* The task *
Where the line with "laptop with Adwords keyword planner" appears below, start writing out lines exactly, and finish with the line with "Штатная магнитола Teyes", which is included; write out nothing else.

--- Input data Enclosed Below ---

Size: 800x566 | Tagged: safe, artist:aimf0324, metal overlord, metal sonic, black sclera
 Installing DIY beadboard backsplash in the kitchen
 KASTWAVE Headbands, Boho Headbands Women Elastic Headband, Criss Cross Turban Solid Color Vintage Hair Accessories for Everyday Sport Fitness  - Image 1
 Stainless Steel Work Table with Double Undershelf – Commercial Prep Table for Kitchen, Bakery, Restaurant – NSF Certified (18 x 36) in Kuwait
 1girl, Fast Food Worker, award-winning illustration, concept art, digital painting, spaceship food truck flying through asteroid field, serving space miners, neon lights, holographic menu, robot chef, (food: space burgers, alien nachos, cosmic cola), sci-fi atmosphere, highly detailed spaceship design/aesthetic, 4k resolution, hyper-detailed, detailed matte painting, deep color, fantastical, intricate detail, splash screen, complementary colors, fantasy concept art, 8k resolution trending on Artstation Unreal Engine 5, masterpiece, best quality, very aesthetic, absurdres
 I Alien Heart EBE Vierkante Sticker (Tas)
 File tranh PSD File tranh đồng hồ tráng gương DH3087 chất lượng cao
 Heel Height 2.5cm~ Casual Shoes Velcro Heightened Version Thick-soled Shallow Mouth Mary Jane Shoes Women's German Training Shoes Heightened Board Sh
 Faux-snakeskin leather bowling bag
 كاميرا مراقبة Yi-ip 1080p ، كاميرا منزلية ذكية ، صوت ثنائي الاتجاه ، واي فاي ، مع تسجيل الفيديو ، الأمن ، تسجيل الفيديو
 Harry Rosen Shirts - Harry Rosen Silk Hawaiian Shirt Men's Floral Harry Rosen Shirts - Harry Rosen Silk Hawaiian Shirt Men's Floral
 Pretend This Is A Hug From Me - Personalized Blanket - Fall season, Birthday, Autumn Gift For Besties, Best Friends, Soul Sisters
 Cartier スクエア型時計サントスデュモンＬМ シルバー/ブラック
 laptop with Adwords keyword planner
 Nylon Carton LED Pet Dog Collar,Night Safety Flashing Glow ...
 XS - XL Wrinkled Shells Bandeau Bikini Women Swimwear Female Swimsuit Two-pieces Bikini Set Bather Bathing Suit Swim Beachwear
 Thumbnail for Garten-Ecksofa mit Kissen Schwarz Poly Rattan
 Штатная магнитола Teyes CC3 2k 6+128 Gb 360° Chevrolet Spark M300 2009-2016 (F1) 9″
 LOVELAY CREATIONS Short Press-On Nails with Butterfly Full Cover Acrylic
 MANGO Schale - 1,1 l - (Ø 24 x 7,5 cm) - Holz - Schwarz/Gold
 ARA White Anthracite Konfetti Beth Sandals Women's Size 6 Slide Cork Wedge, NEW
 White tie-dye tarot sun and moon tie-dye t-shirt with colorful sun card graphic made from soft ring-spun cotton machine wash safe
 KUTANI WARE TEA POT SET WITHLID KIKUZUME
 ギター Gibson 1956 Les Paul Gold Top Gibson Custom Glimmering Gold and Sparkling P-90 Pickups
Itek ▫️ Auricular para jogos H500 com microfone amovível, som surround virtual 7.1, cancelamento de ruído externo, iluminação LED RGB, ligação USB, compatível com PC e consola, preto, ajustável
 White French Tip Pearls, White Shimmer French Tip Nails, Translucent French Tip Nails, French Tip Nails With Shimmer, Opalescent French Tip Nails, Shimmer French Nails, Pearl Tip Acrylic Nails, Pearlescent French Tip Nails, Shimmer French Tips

--- End of Enclosed Input data ---

* Written response *
 laptop with Adwords keyword planner
 Nylon Carton LED Pet Dog Collar,Night Safety Flashing Glow ...
 XS - XL Wrinkled Shells Bandeau Bikini Women Swimwear Female Swimsuit Two-pieces Bikini Set Bather Bathing Suit Swim Beachwear
 Thumbnail for Garten-Ecksofa mit Kissen Schwarz Poly Rattan
 Штатная магнитола Teyes CC3 2k 6+128 Gb 360° Chevrolet Spark M300 2009-2016 (F1) 9″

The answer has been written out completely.